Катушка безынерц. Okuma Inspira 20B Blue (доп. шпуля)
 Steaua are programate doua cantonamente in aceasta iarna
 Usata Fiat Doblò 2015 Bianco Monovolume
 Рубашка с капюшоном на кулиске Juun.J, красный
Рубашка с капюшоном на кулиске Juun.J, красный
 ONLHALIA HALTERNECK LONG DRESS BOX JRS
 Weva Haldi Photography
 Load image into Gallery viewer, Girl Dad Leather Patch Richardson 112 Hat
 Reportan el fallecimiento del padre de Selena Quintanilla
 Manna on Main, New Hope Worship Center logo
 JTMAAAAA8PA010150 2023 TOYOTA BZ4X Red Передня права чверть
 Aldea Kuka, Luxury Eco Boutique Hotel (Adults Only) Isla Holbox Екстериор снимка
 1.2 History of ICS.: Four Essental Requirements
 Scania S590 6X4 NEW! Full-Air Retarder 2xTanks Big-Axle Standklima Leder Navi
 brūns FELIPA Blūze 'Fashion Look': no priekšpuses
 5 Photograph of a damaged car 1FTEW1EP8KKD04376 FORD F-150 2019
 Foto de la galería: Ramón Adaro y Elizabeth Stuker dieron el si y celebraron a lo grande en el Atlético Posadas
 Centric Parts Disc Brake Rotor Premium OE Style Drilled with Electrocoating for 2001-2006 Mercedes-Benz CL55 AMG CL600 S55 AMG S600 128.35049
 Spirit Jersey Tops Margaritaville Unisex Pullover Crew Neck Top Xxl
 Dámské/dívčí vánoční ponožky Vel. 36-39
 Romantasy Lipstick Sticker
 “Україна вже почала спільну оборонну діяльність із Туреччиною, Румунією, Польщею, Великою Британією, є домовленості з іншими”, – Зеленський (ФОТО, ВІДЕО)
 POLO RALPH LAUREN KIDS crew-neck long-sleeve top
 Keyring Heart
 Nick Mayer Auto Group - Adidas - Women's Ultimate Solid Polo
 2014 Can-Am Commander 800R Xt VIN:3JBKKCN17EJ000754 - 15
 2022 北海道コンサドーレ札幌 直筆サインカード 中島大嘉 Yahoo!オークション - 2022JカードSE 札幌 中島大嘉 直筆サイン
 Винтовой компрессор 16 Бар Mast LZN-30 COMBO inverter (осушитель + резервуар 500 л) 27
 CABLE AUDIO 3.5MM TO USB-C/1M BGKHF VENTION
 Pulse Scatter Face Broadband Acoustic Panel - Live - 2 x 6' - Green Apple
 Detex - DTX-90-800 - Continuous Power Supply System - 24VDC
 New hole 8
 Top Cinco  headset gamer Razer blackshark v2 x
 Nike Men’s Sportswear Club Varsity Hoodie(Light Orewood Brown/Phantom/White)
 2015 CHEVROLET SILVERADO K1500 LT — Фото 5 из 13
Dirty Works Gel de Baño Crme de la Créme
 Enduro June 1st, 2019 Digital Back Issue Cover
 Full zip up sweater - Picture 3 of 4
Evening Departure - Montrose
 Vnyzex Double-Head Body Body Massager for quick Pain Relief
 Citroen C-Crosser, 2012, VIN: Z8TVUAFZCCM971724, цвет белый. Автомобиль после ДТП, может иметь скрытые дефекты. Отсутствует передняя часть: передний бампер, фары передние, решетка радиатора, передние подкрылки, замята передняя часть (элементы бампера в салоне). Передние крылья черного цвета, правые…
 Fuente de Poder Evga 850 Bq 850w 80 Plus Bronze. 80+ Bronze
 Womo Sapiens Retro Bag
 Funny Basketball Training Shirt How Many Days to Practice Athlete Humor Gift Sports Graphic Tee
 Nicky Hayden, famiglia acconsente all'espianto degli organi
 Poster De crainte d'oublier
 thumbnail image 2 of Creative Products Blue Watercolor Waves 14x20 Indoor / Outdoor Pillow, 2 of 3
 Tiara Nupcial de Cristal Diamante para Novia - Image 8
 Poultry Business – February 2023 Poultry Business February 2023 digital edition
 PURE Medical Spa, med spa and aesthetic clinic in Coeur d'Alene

==*==

Problem to work on
In the records above, find the lines containing "капюшоном" and copy them.

Response for this exercise
 Рубашка с капюшоном на кулиске Juun.J, красный
Рубашка с капюшоном на кулиске Juun.J, красный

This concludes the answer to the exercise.